● **WORK TASK**
Your response should contain exactly the lines running from the one with "Atril de Guitarra Cuello Ganso Rhino 3" to the end of the data below, both included, and no pictures.

● **RECORDS SHOWN**
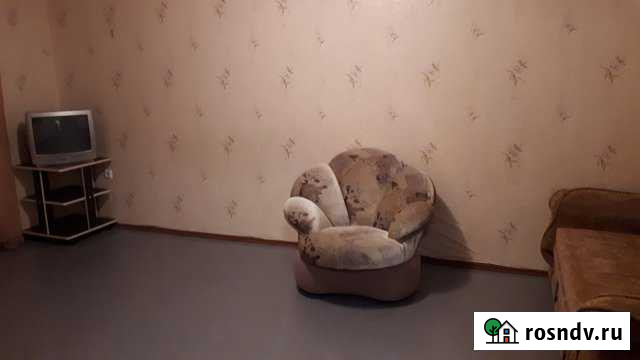 1-комнатная квартира, 36 м², 2/9 эт. в аренду на длительный срок в Мелеузе Мелеуз - изображение 1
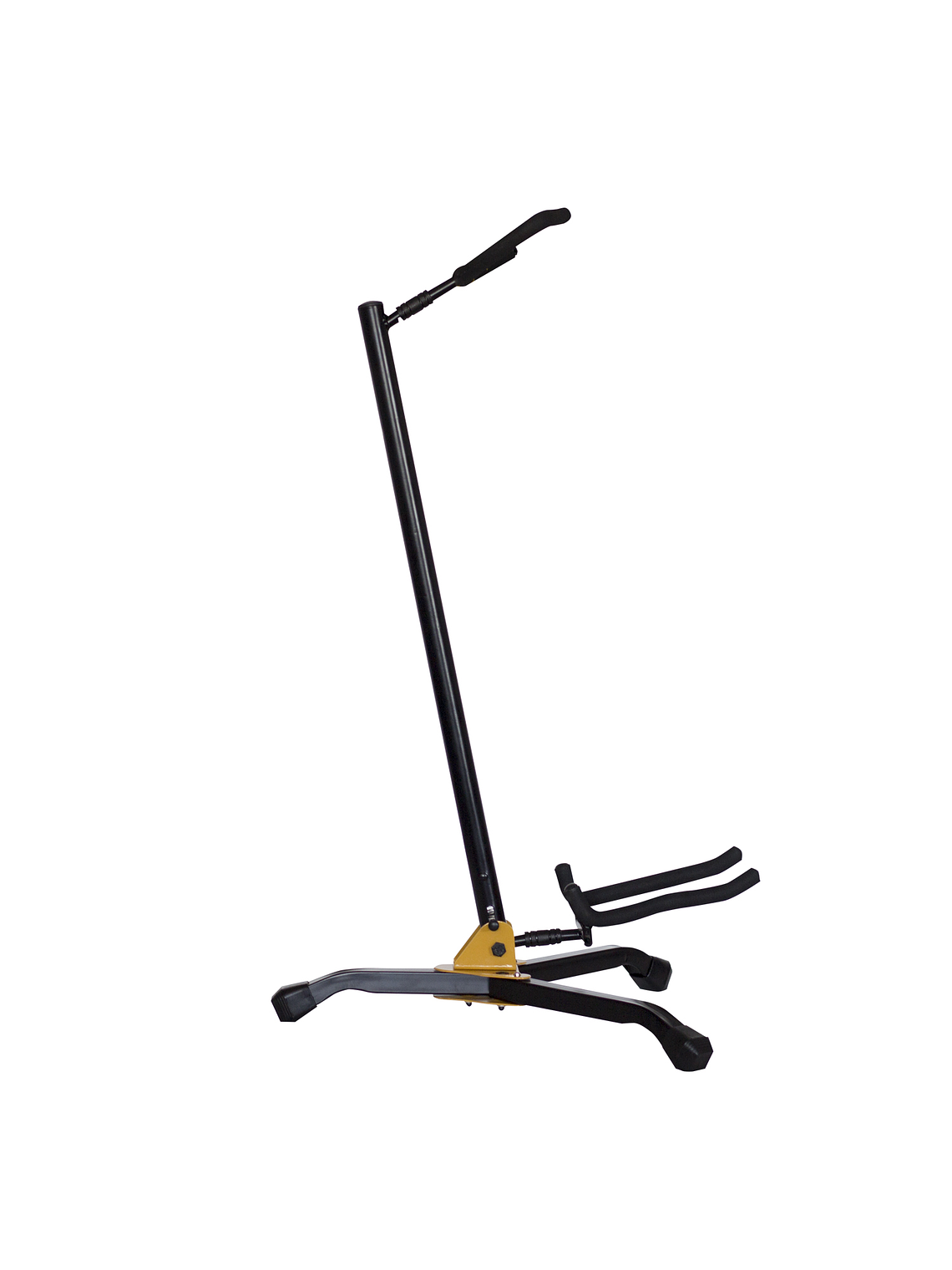 Atril de Guitarra Cuello Ganso Rhino 3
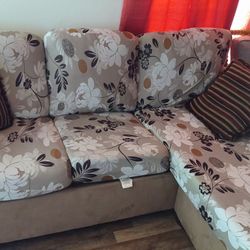 Small Couch 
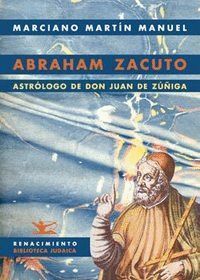 ABRAHAM ZACUTO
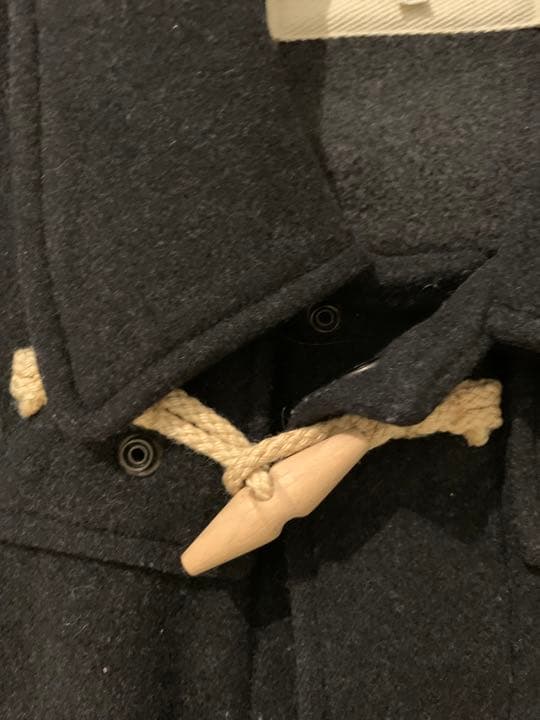 お値下げ中vintage Paul Smith ポールスミス ダッフルコート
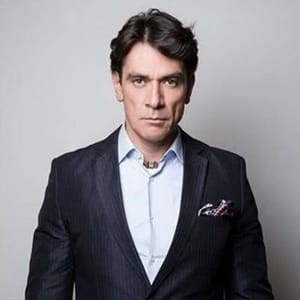 Jorge Salinas
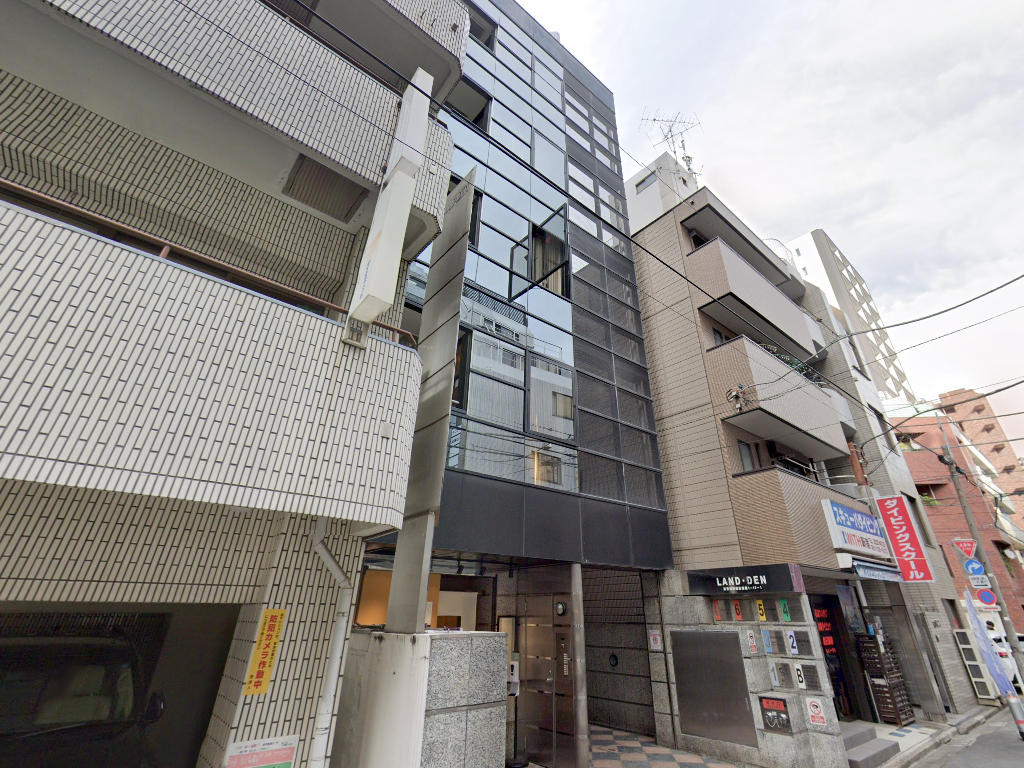 建物画像
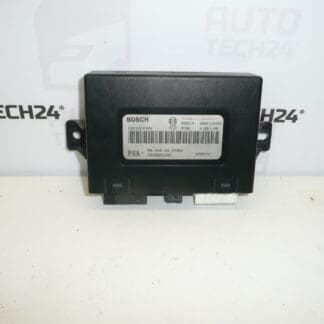 Centralita Bosch Citroën Peugeot 9649604380 0263004089 6590A3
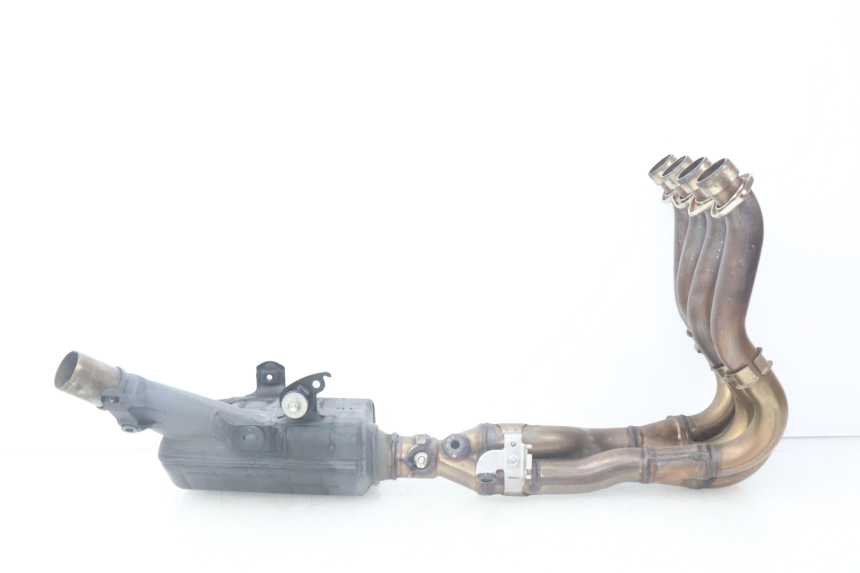 photo de COLECTOR SUZUKI GSX-R GSXR 750 (2011 - 2016)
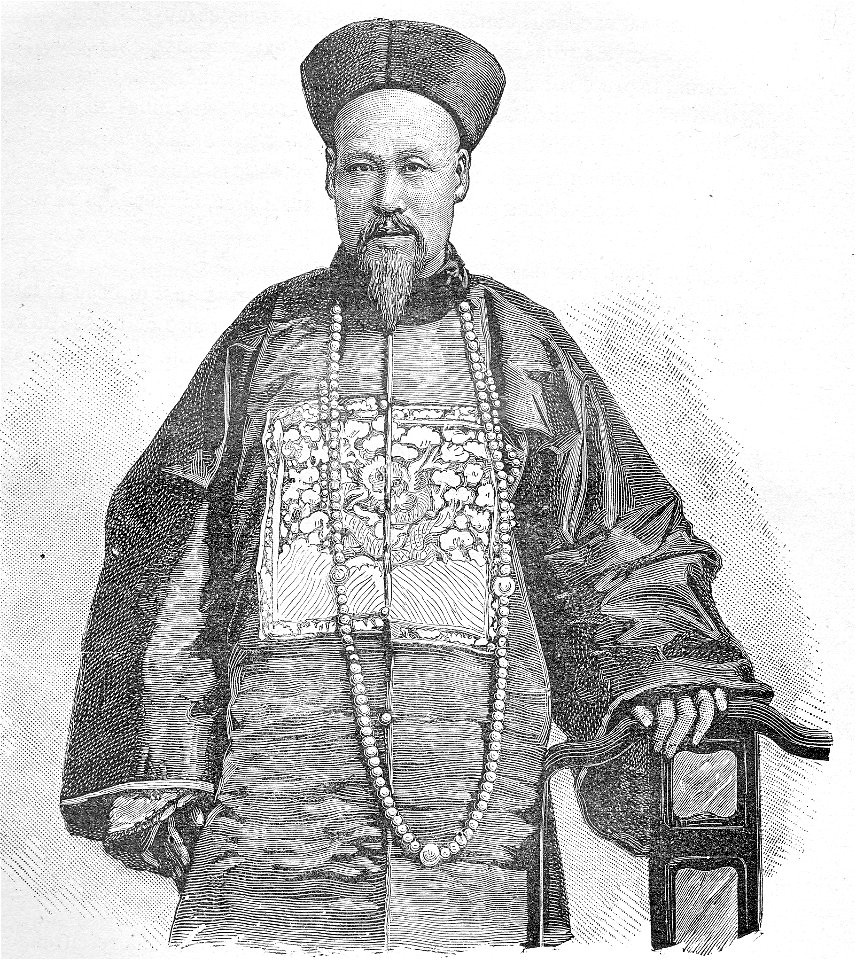 Zeng Jize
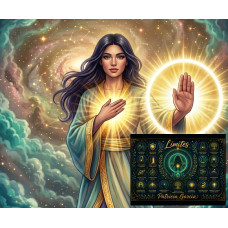 Curso Online Gratis de Mesa Radiónica Límites: Técnicas Vibracionales para el Equilibrio Energético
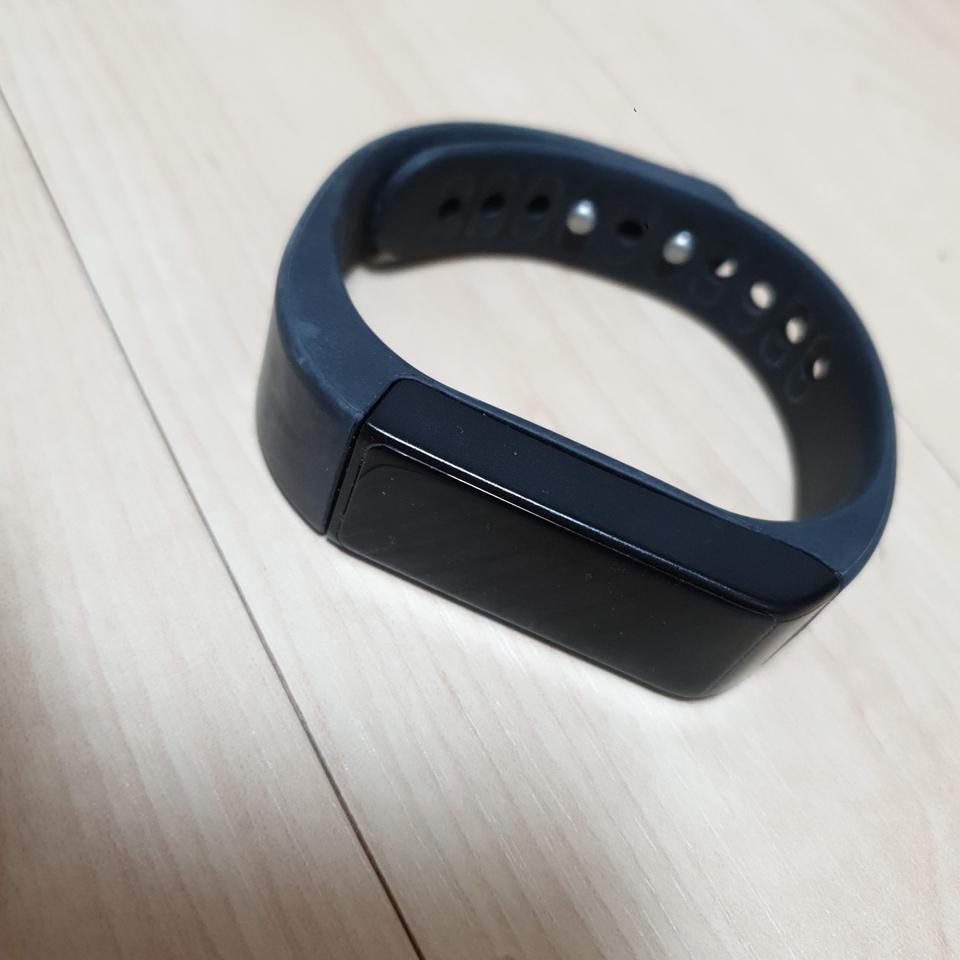 아이원 스마트밴드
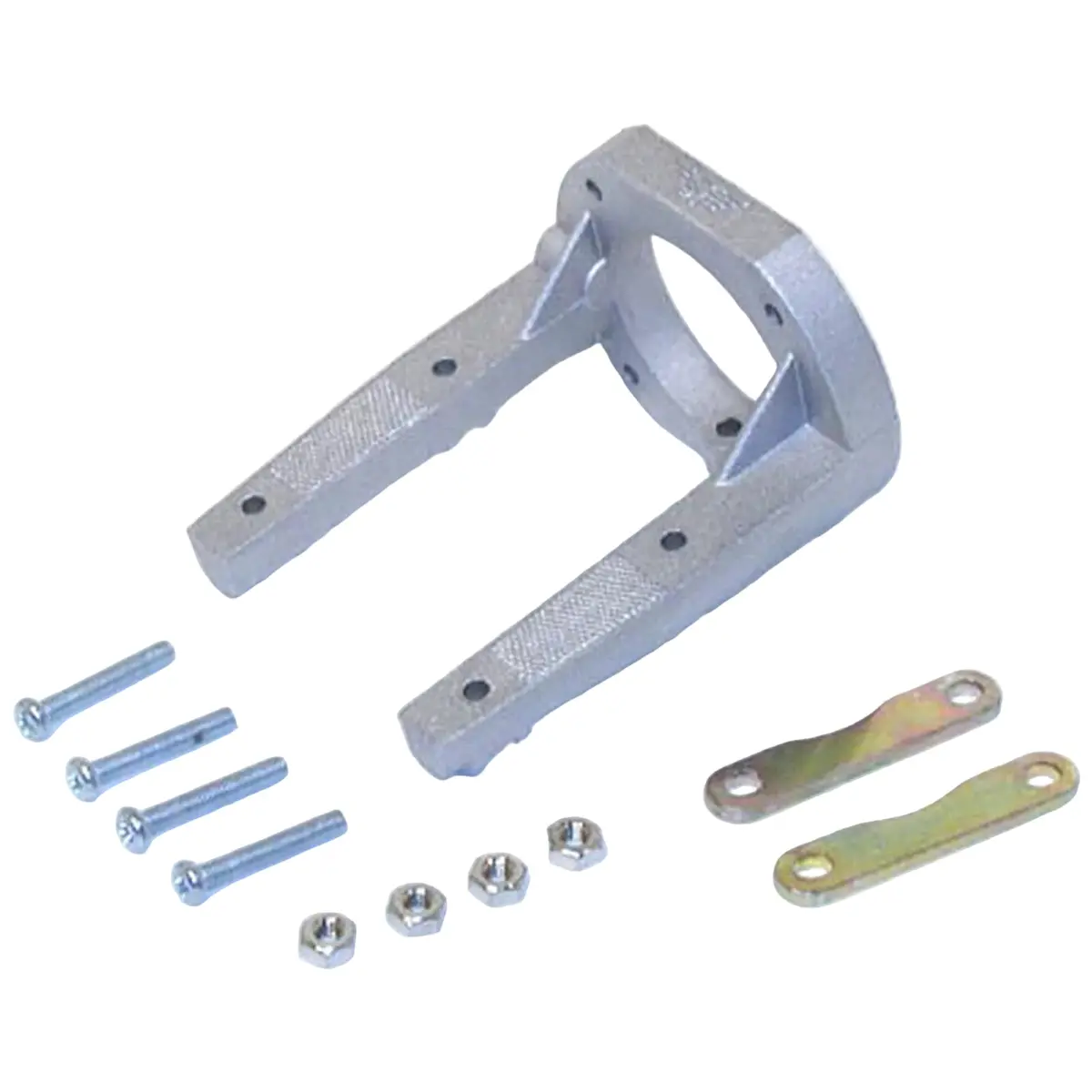 Hangar 9 Universal Engine Mount: 60 Size 1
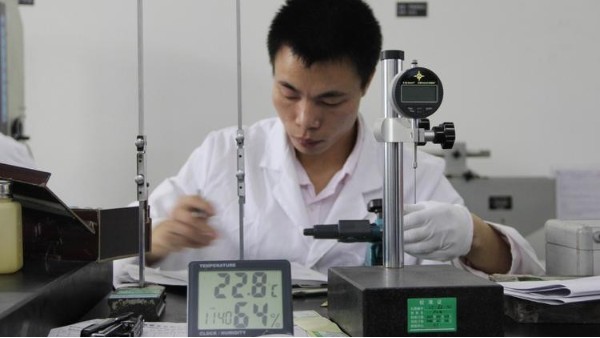 儀器校準證書的作用是什么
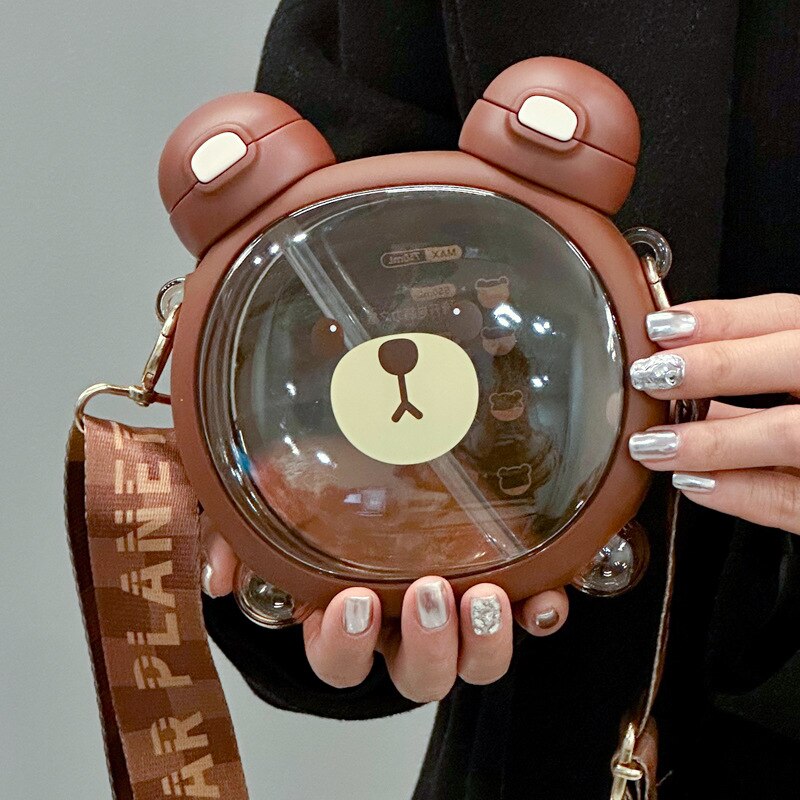 Norvo | Søtt Kub Stort Kapasitet Vannkopp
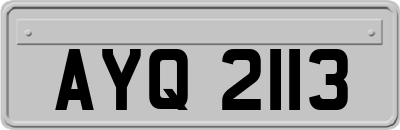 AYQ2113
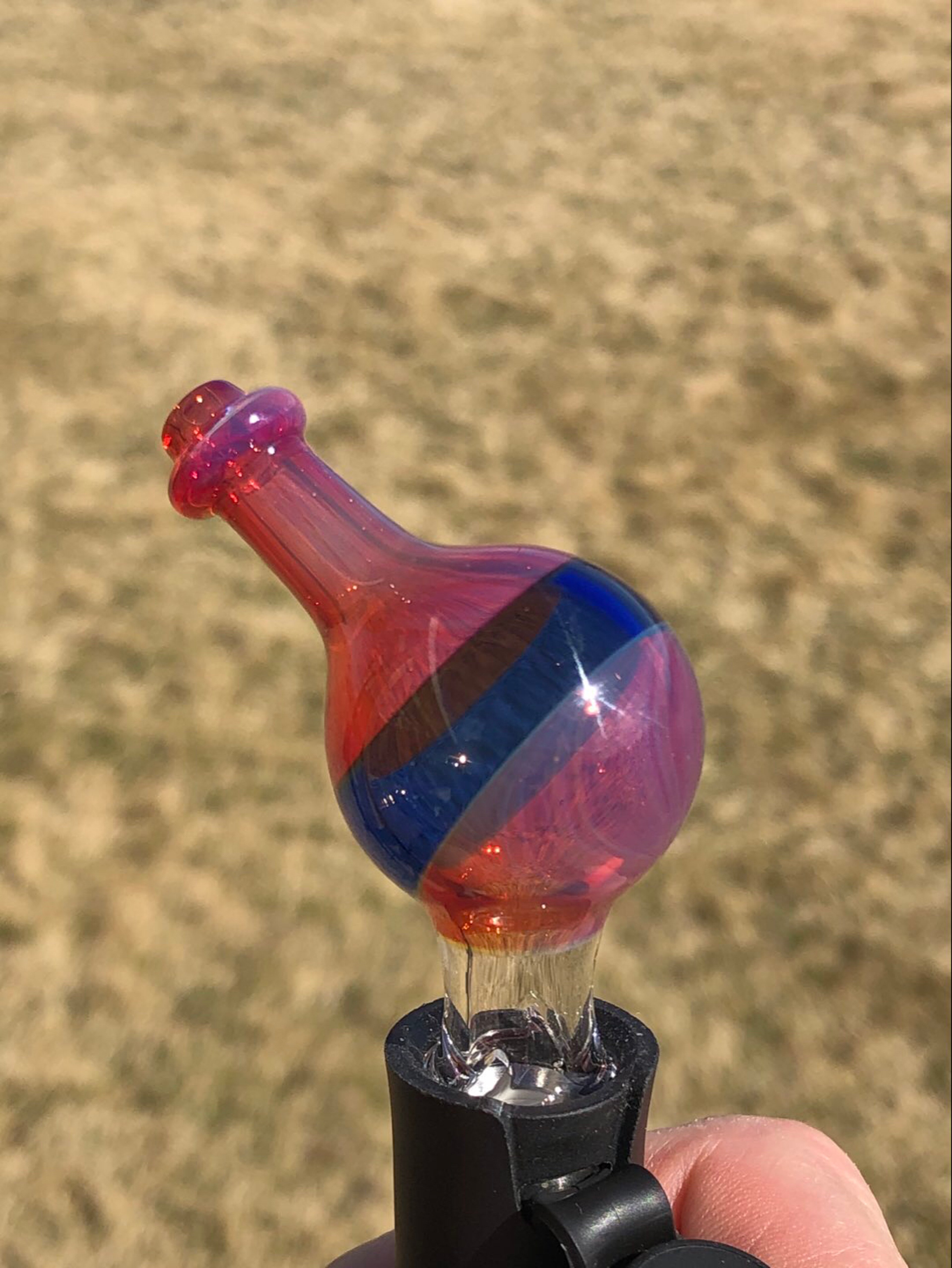 Preview pic of Puffco Pivot Top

● **ANSWER SPACE**
 Atril de Guitarra Cuello Ganso Rhino 3
 Small Couch 
 ABRAHAM ZACUTO
 お値下げ中vintage Paul Smith ポールスミス ダッフルコート
 Jorge Salinas
 建物画像
 Centralita Bosch Citroën Peugeot 9649604380 0263004089 6590A3
 photo de COLECTOR SUZUKI GSX-R GSXR 750 (2011 - 2016)
 Zeng Jize
 Curso Online Gratis de Mesa Radiónica Límites: Técnicas Vibracionales para el Equilibrio Energético
 아이원 스마트밴드
 Hangar 9 Universal Engine Mount: 60 Size 1
 儀器校準證書的作用是什么
 Norvo | Søtt Kub Stort Kapasitet Vannkopp
 AYQ2113
 Preview pic of Puffco Pivot Top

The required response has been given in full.